Only the lines from the line with "Wanddecoratie - Vintage" through the end of the records belong in your reply, copied exactly, with every picture left out.

>>>

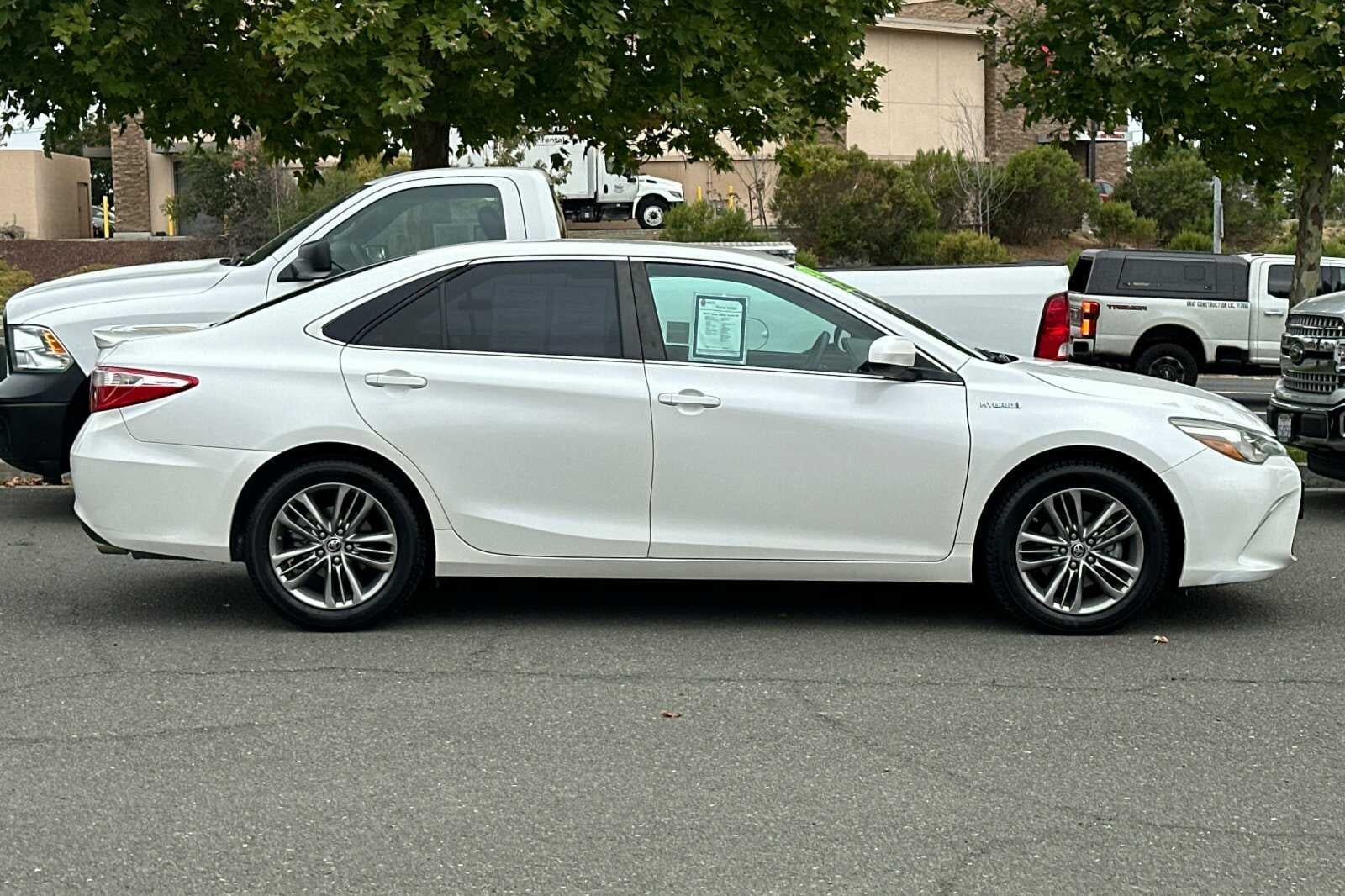 2015 Toyota Camry Hybrid Hybrid SE 4D Sedan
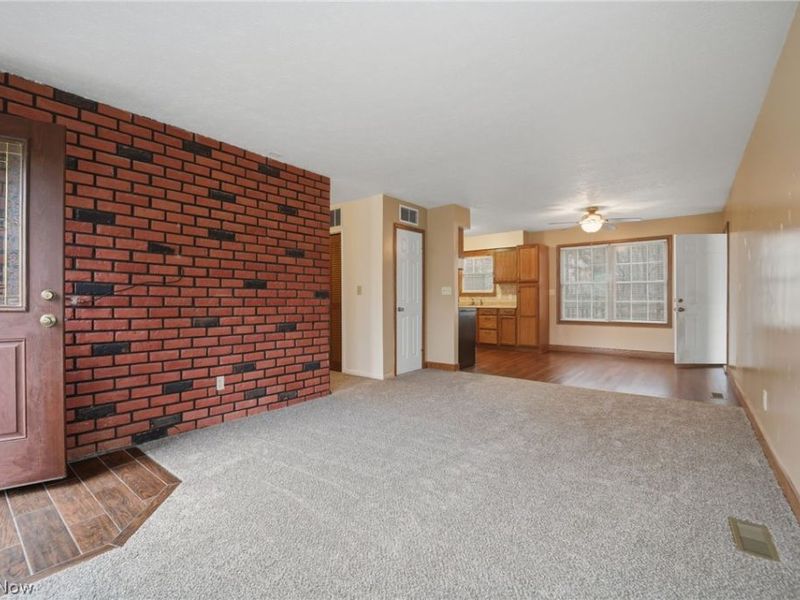 243 Jackson Street, Jefferson, OH 44047 Photo 6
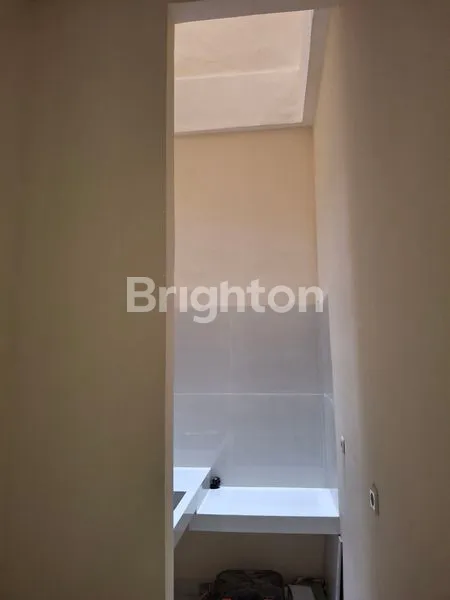 image RUMAH BARU 4 LANTAI TANJUNG DUREN (5)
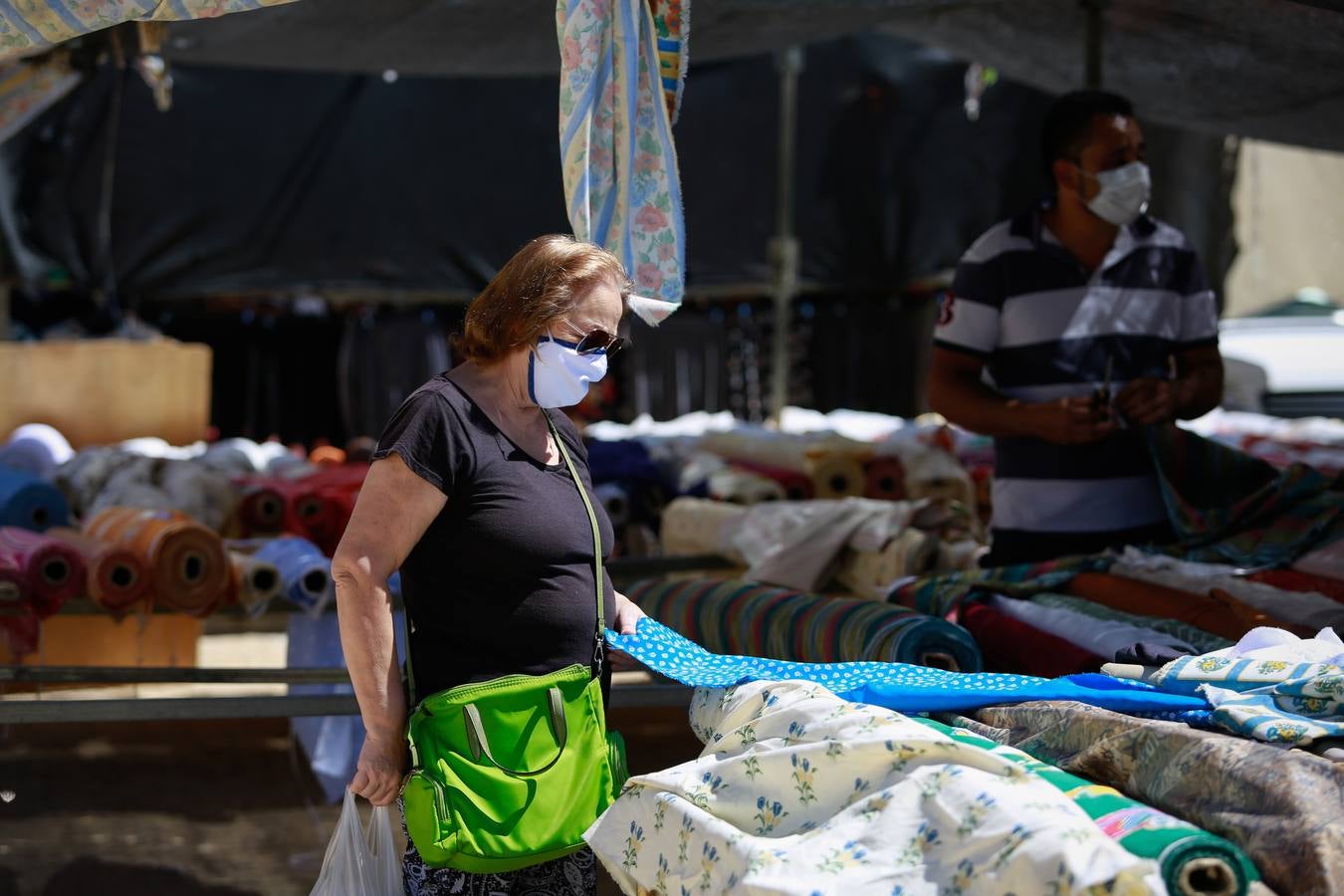 Reabre el mercadillo de Cerro Amate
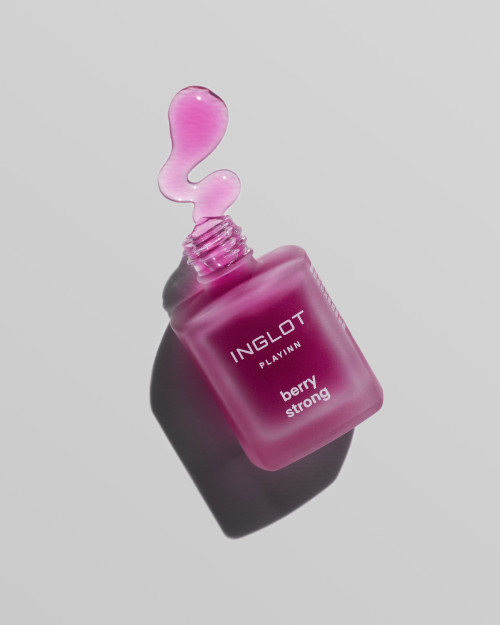 Tratament fortifiant pentru unghii INGLOT PLAYINN Berry Strong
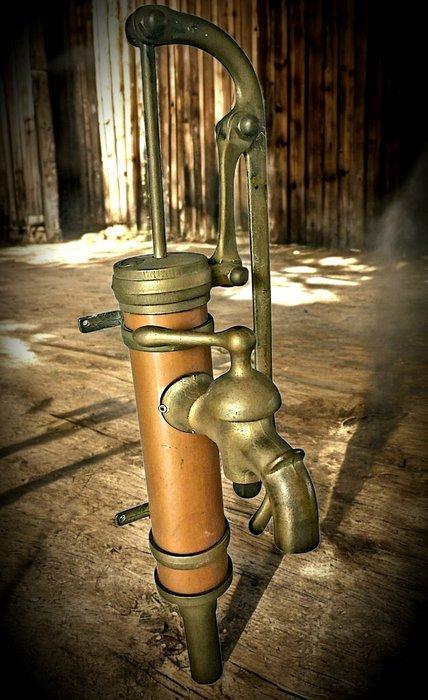 Wanddecoratie - Vintage - België - Oude waterpomp, Antiek en Kunst, Curiosa en Brocante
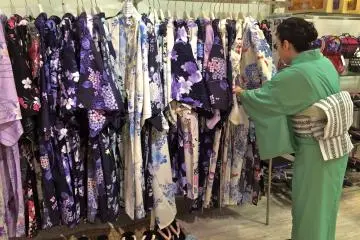 <p>At Marui City department store in Shibuya, you can try on their newest yukata line called "Rakuchin Kirei Yukata." A 3-Step, user-friendly yukata for a hassle free dress-up.</p>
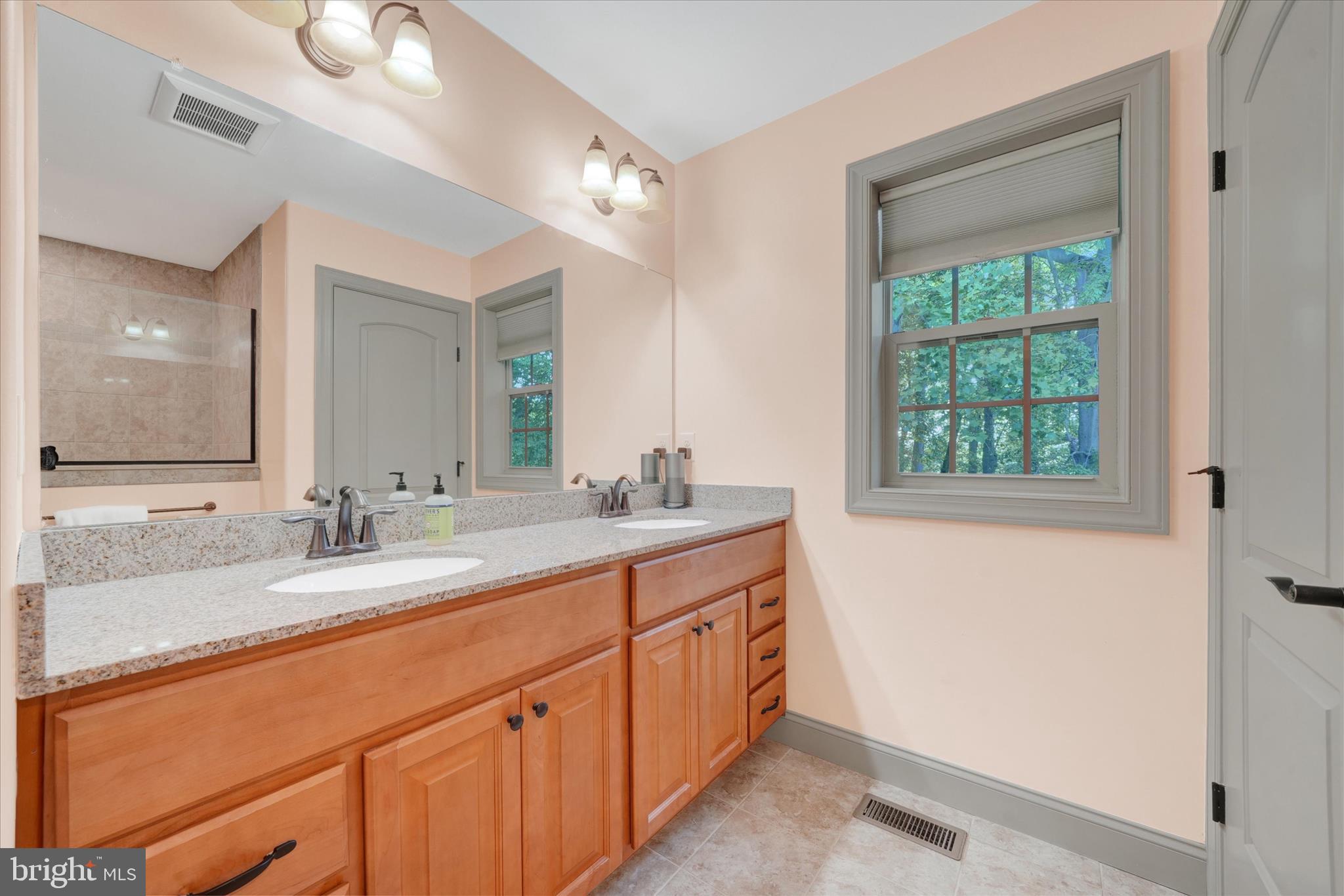 CENTERVILLE POINT - Residential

<<<

▶ OUTPUT FOR THIS EXERCISE:
 Wanddecoratie - Vintage - België - Oude waterpomp, Antiek en Kunst, Curiosa en Brocante
 <p>At Marui City department store in Shibuya, you can try on their newest yukata line called "Rakuchin Kirei Yukata." A 3-Step, user-friendly yukata for a hassle free dress-up.</p>
 CENTERVILLE POINT - Residential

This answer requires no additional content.